Come più volte ricordato in queste pagine, ogni processo infiammatorio, anche il più piccolo foruncolo, se esposto al sole o alle lampade UV ai fini dell’abbronzatura può pigmentarsi in maniera anomala. Pertanto il periodo più indicato per la rimozione dei tatuaggi va da ottobre a maggio/giugno. Le variabili in questo caso dipendono dalla zona trattata e dalla abitudine di esporsi al sole del soggetto. Se il tatuaggio infatti si trova in una zona nascosta e il soggetto non la espone al sole, il trattamento può benissimo essere sostenuto anche durante l’estate.

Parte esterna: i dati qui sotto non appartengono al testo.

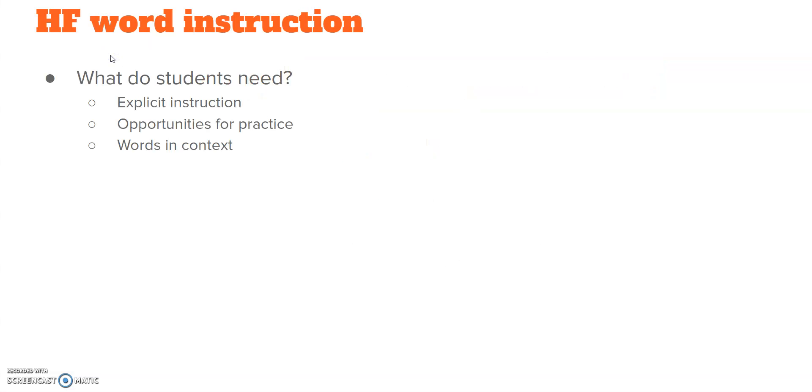So, high-frequency word instruction, what do the students need? Explicit instruction, please refer back to the high-frequency word video number one. If you want to review the explicit instructional routine for high-frequency words, if you just want to check to make sure you are doing it correctly, that's a great resource to use.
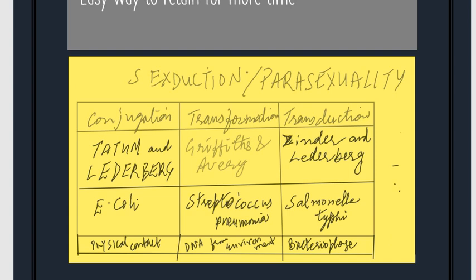The three main processes are: first is conjugation, second is transformation, and third is transduction.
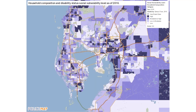The next example is social vulnerability level by the household composition category. This looks at the population aged 65 or older, children aged 17 or younger, civilians with a disability, and single-parent households. This measure can identify areas with high concentrations of people who may be physically susceptible to health challenges or may have specific needs for evacuations.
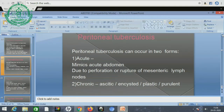Perianal tuberculosis can occur in two forms: acute — which mimics acute abdomen due to perforation or rupture of mesenteric lymph nodes — and chronic, presenting as ascites or caseous lymphadenopathy, which can also be purulent.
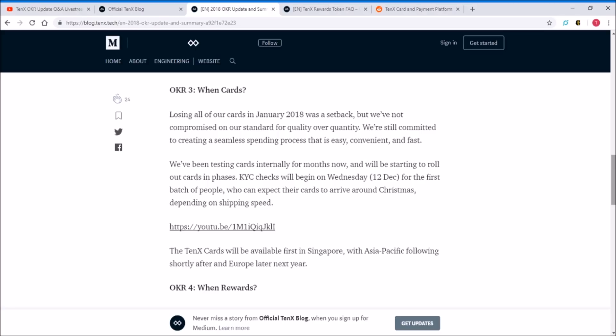The KYC checks will begin on Wednesday, December 12th for the first batch of people who can expect their cards to arrive around Christmas depending on the shipping speed. This is the important part: the TenX cards will be available first in Singapore with Asia Pacific following shortly after, and Europe later next year.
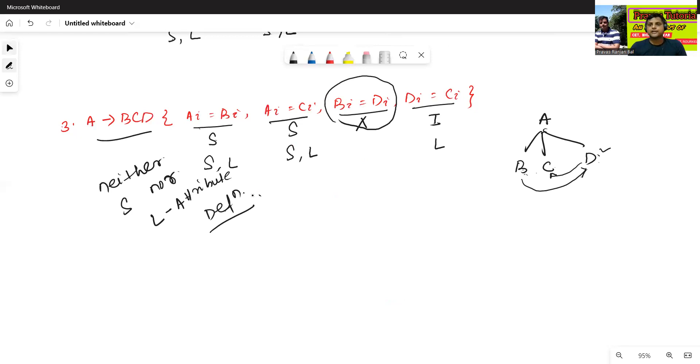In the upcoming classes, we will discuss more examples of S-attribute and L-attribute definition. Thanks for watching.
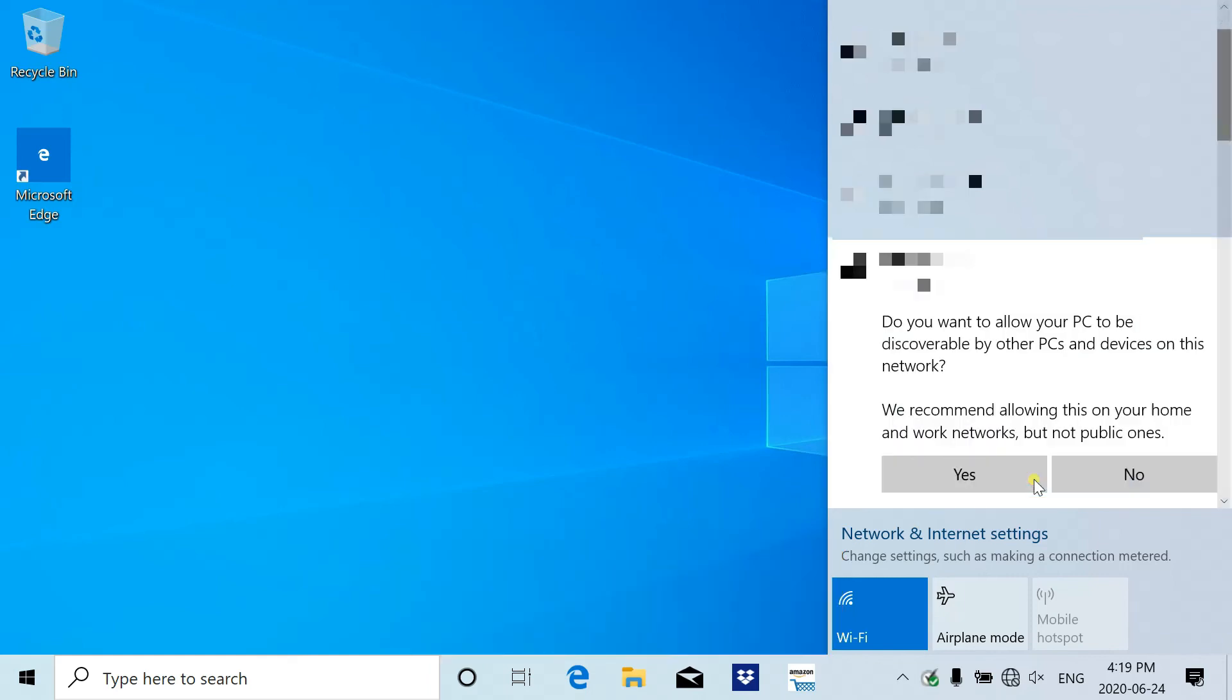The next pop-up will ask you if you want your laptop to be discovered in this network. I prefer no.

Tra un trattamento e l’altro possono rendersi necessarie alcune settimane di attesa prima di sostenere ulteriori trattamenti laser. Per migliorare i processi di rimozione del pigmento, da parte del nostro sistema immunitario, vengono associate le tecniche a Diatermia, le quali, generando un aumento della irrorazione ematica e facilitando il riassorbimento linfatico, consentono di rimuovere con estrema facilità e rapidità i pigmenti che abbiamo “liberato” grazie al laser.

Quando viene impresso il pigmento nel derma cutaneo, è necessario aspettare un tempo variabile dai 2 ai 6 mesi prima di poter intervenire con il laser per la sua rimozione. Anche in questo caso i tempi per la rimozione seguono la stessa strada dei tatuaggi più consolidati in base alle variabili già menzionate.
Ai fini del risultato, il tatuaggio cosmetico permanente non è per nulla diverso rispetto ad un classico tatuaggio in quanto i meccanismi di rimozione sono gli stessi. Diversa è la situazione nel caso dei tatuaggi cosmetici semipermanenti: in questi casi infatti i pigmenti impressi solitamente contengono pigmenti neri, marroni, ruggine o rossi, contenenti ferro o titanio ossido. Questi tatuaggi non dovrebbero essere trattati con tecniche laser in quanto possono scurirsi ulteriormente a causa dell’ossidazione di questi due elementi.